Transitional Cell Carcinoma Diagnosis and Staging
If you have symptoms of transitional cell carcinoma, see your doctor as soon as possible. The doctor will ask you about your symptoms, how long they have persisted, any family medical history, and medications you are taking. If TCC is suspected, the doctor may order one or more of the following tests:
- Cystoscopy – The doctor will use a small thin tube and send it through the urethra into the bladder. There is a light and camera so your doctor can see inside the lower urinary tract.
- Biopsy – If you doctor finds a mass, a sample of tissue may be taken to check for cancer cells. Smaller biopsies can be done during cystoscopy, but larger ones are done under anesthesia and the procedure is called Transurethral Resection of Bladder Tumor (TURBT). This is also one of the first TCC treatments.
- Cytology – The doctor may have you give a urine sample which can be looked at in the laboratory for cancer cells.
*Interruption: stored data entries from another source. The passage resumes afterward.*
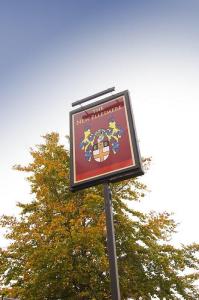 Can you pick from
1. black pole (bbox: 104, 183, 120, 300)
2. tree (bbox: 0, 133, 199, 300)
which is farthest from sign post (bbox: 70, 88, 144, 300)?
tree (bbox: 0, 133, 199, 300)

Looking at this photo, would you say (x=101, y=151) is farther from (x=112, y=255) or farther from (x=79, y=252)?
(x=79, y=252)

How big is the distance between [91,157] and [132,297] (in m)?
7.13

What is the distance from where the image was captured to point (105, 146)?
23.6 ft

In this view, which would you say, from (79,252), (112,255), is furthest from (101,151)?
(79,252)

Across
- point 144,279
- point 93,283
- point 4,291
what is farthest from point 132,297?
point 4,291

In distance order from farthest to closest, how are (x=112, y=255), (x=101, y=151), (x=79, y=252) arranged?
(x=79, y=252), (x=101, y=151), (x=112, y=255)

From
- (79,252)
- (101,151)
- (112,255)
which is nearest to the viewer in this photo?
(112,255)

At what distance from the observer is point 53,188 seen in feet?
41.0

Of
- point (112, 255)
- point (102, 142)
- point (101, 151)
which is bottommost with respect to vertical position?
point (112, 255)

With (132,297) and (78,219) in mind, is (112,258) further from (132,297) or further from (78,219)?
(132,297)

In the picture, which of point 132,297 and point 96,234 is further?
point 132,297

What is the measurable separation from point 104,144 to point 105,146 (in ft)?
0.25

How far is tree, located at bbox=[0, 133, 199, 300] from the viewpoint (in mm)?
10203

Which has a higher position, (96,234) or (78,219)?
(78,219) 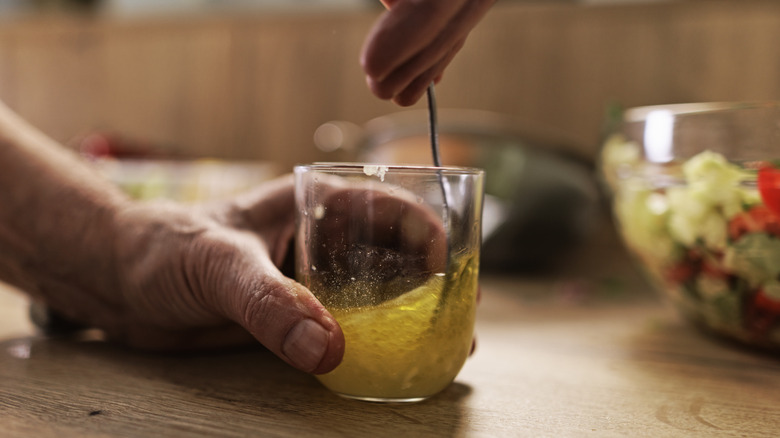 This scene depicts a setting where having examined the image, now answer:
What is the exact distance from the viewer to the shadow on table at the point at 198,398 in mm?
386

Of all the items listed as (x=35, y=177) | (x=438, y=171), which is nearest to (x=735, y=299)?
(x=438, y=171)

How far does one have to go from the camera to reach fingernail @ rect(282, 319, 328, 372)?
1.27 feet

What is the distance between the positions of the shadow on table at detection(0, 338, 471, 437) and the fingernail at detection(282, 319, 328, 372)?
1.5 inches

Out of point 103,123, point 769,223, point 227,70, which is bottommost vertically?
point 769,223

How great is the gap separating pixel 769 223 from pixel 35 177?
24.1 inches

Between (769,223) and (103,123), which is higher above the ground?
(103,123)

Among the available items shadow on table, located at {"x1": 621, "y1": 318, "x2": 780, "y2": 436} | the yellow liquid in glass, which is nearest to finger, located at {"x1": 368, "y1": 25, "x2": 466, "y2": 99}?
the yellow liquid in glass

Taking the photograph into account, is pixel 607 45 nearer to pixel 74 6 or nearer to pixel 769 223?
pixel 769 223

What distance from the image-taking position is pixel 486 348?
2.03 ft

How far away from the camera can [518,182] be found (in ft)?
3.54

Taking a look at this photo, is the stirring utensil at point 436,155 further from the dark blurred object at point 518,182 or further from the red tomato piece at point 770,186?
the dark blurred object at point 518,182

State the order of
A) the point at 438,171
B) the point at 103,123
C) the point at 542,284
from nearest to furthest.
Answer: the point at 438,171 < the point at 542,284 < the point at 103,123

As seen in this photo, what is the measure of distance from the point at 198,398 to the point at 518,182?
2.44 ft

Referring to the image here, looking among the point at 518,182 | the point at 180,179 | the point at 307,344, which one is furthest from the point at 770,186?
the point at 180,179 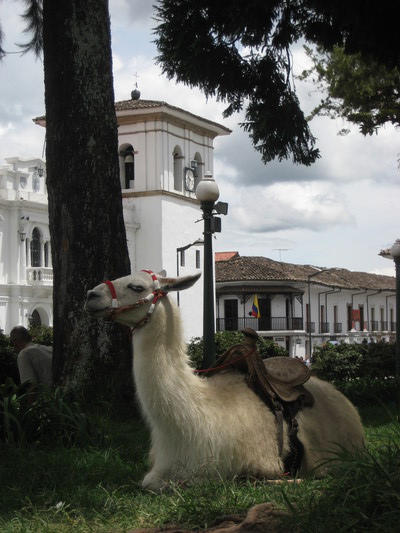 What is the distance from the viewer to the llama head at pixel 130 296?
5820 mm

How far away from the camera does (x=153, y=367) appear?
5.73 metres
- X-Ray and CT Scans – Your doctor may do some imaging tests to check the urinary tract for masses. One test injects dye into the urinary tract, others just look at the structures. These tests can also help the doctor stage the cancer and know how far it has progressed.
Bladder Cancer Staging
Bladder cancer is groups into four stages:
- Stage I – Transitional cell cancer is localized to just the inner cells of the urinary tract.
- Stage II – Cancer has grown into the walls of the urinary structures, but still not outside.
- Stage III – Cancer is outside the urinary structures and tissues surrounding the urinary tract.
- Stage IV – Transitional cell cancer is found in nearby lymph nodes, organs that are distant from the urinary tract, bones, and lungs and liver.
Transitional Cell Carcinoma Treatments
There are a number of treatments for transitional cell carcinoma and one or a combination may be used depending on the stage of cancer. These include:
The doctor may do a transurethral resection of the tumor either during cystoscopy or under general anesthesia. The procedure uses an electrical loop that burns away any damaged and cancerous cells. They are also doing this procedure by laser recently. Side-effects includeblood in the urine and painful urination. If the cancer is at an advanced stage, the bladder may be removed and a pouch built to hold urine.
This uses drugs that buildup the body’s own immunity to fight off the cancer. They take cells from your blood and increase the immune response to cancer cells and send it back into your system. Side-effects include bladder irritation and flu type symptoms.
You may need chemotherapy to kill the cancer cells that are still in your body after surgery or slow the growth prior to surgery. You may need one or more cancer drugs for treatment. Side-effects includenausea, vomiting, hair loss, weakness, and fatigue.
Doctors may need to send radiation beams to your bladder area to kill off the cancer. This treatment may be used after you have bladder surgery and in combination with chemotherapy if surgery does not get all of the cancer.
Transitional Cell Carcinoma Prognosis and Survival Rate
The survival rate for TCC by stage is as follows:
Stage 5 Year Survival Rate
Stage 0 98%
Stage I 91.7%
Stage II 72.6%
Stage III 40.5%
Stage IV 15%
Many people with stage IV TCC survive less than 6 months after diagnosis.